Diana De Feo racconta al settimanale 'A' la sua vita di moglie accanto al direttore del Tg4. "Risarcimento per l'immagine"

Signora Fede, no al divorzio: a Emilio chiederà i danni
A separarsi non ci pensa neanche. Meglio chiedere i danni per lesione di immagine.

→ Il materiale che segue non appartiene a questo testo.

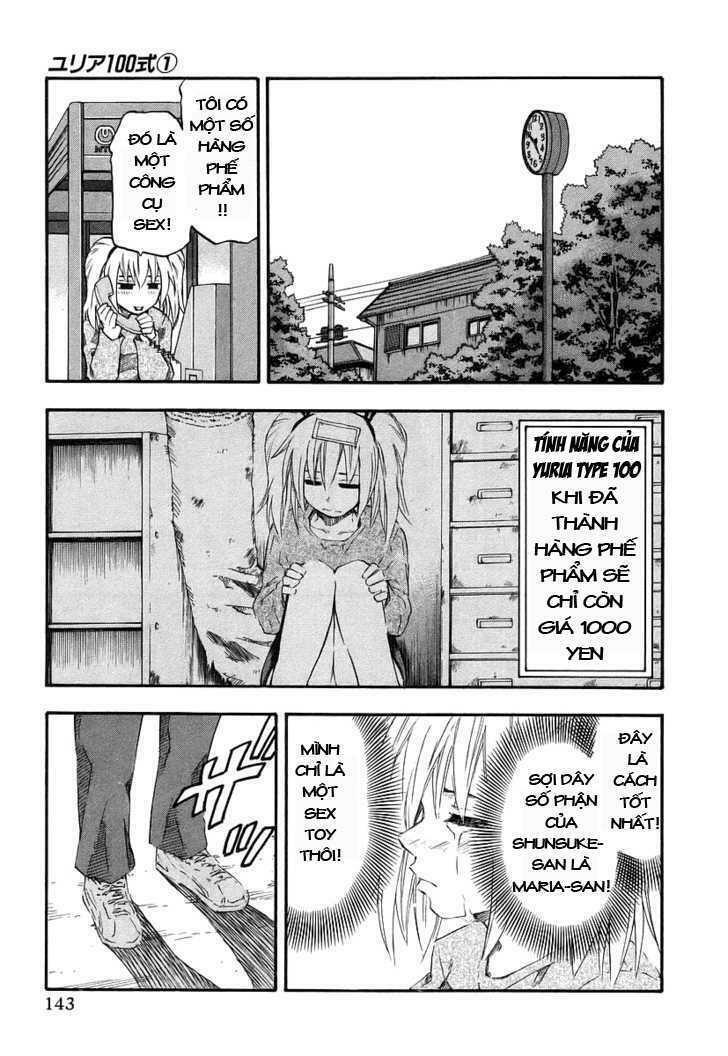 Yuria 100 Shiki: Chapter 7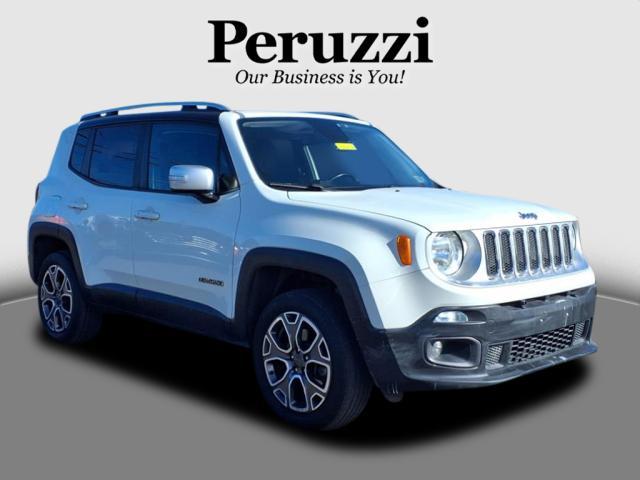 used 2016 Jeep Renegade car, priced at $13,237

Diana De feo, senatrice eletta nelle liste del Pdl e moglie di Emilio Fede, racconta al settimanale A la sua vita di moglie accanto al direttore del Tg4.  E le tensioni provocate dal coinvolgimento del marito nel Rubygate, in cui risulta imputato per favoreggiamento della prostituzione.

"Lesione di immagine" - "Quando ho cominciato a leggere quelle cose sui giornali", cioè dell’incontro tra Emilio Fede e Ruby nel settembre del 2009 e del presunto reato di induzione alla prostituzione che coinvolge il marito appena rinviato a giudizio, "mi sono molto arrabbiata". E continua: "Ho pensato di andare dall’avvocato e chiedere la separazione. Poi ci ho ripensato e ho deciso di chiedere piuttosto i danni per 'lesione di immagine'. Sono un senatore della repubblica, la mia immagine è legata al nome della storia dell’arte, della cultura, non voglio vederla appannata".

"Cose di poca importanza" - La senatrice, che è stata anche inviata speciale del Tg1 per l'arte e la cultura, parla delle tensioni degli ultimi mesi, quando il nome del marito è stato associato alle feste di Arcore e al bunga bunga. "Sono andata da lui a Milano e gli ho detto piuttosto bruscamente: 'Da te voglio un sacco di soldi, voglio essere risarcita'. Lui mi ha detto: 'Diana lo sai, abbiamo tutti i conti in comune, quello che possediamo appartiene a entrambi, prenditi tutto quello che vuoi'. E allora, mi sono resa conto che per me tutte queste cose hanno, in fondo, poca importanza rispetto al ricordo di tanti bei viaggi fatti insieme, abbiamo due figlie da seguire, i nipoti".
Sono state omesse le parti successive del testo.